Si è concluso “Armillae“, il 1° Convegno Internazionale sull’Anellone Piceno ideato e curato dall’antropologo Giacomo Recchioni, direttore del Museo Vidacilius. Una due giorni interessante in cui davanti ad un folto e attento pubblico si è ripercorsa la storia di quello che è considerato un elemento enigmatico e fortemente identitario del territorio Piceno facendo il punto sugli studi che lo riguardano grazie agli interventi di Stefano Papetti, Giacomo Recchioni, Carlo Bachetti Doria, Oronzo Mauro, Americo Marconi e Walter Scotucci. Quest’ultimo, dopo i saluti del sindaco Marco Fioravanti e del consigliere Patrizia Petracci, per la prima volta ha esposto la sua tesi inerente l’uso di questo reperto risalente al VI sec. a.C.
«Partendo – spiega Scotucci – dalla considerazione che le sacerdotesse della Dea Cupra erano certamente dedite a bagni, lustrazioni e balli rituali collegati alle acque, dispensatrici di fecondità e di vita, ai riti di purificazione, di passaggio, di iniziazione e più in generale a rituali legati alla sfera della fertilità, al sole, alla primavera e alla rinascita della vita, ho ipotizzato un uso dell’anellone, fino ad oggi mai proposto che ho presentato per la prima volta proprio in occasione del convegno. In base a tale ipotesi sei giovani donne vestite di tuniche bianche leggere (pepli) danzano in cerchio equidistanti, con grazia, in pose fluide e movimentate, con i vestiti che svolazzano al ritmo della danza e con i capelli raccolti in acconciature classiche. Al centro è sospeso un anellone di bronzo a sei nodi, equidistanti anch’essi. Da lì partono sei cinture (di cuoio ?) larghe e tese che scorrono intorno all’anello, tra un nodo e l’altro mantenendolo sospeso, che si tendono avvolgendosi alla vita di ogni danzatrice».

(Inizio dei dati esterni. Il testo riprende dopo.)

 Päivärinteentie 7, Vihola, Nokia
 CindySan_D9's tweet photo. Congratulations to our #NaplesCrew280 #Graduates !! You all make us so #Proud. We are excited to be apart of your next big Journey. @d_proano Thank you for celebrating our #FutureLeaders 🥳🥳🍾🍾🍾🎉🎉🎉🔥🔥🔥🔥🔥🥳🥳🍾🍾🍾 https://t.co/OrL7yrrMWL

«Le sei cinture tese formano qualcosa di simile ai raggi di una ruota mentre le sei donne equidistanti girano, ballano e si muovono con grazia creando un magico effetto di tensione e di armonia con gli abiti e le pieghe che fluiscono seguendo il ritmo cadenzato del ballo in un’atmosfera eterea, dinamica e solenne – continua – . Le cinture emanano, nel movimento, un leggero bagliore, quasi fossero raggi simbolici di luce o fasce di energia che si dipartono dall’anellone (lucido e dorato) e raggiungono le danzatrici. È il ballo rituale e simbolico delle sacerdotesse della Dea Cupra che partecipano alla loro danza sacra mantenendo nel movimento una perfetta geometria della scena che si svolge all’aperto o in un giardino. Una danza rituale che allude al magico incastro tra la forza del Sole e la forza della Terra dove pure abitano le acque della generazione tanto care alla dea. L’anellone conferma dunque, secondo questa ipotesi e anche in base all’uso che se ne propone, una chiara valenza cosmica di simbolo solare peraltro già attestata in letteratura».
A dare lustro all’iniziativa Armillae 2025, moderata dalla giornalista Piersandra Dragoni, è stata la visita del Ministro per la Famiglia Eugenia Roccella a cui il personale del Museo Pimu ha donato una riproduzione dell’Anellone Piceno.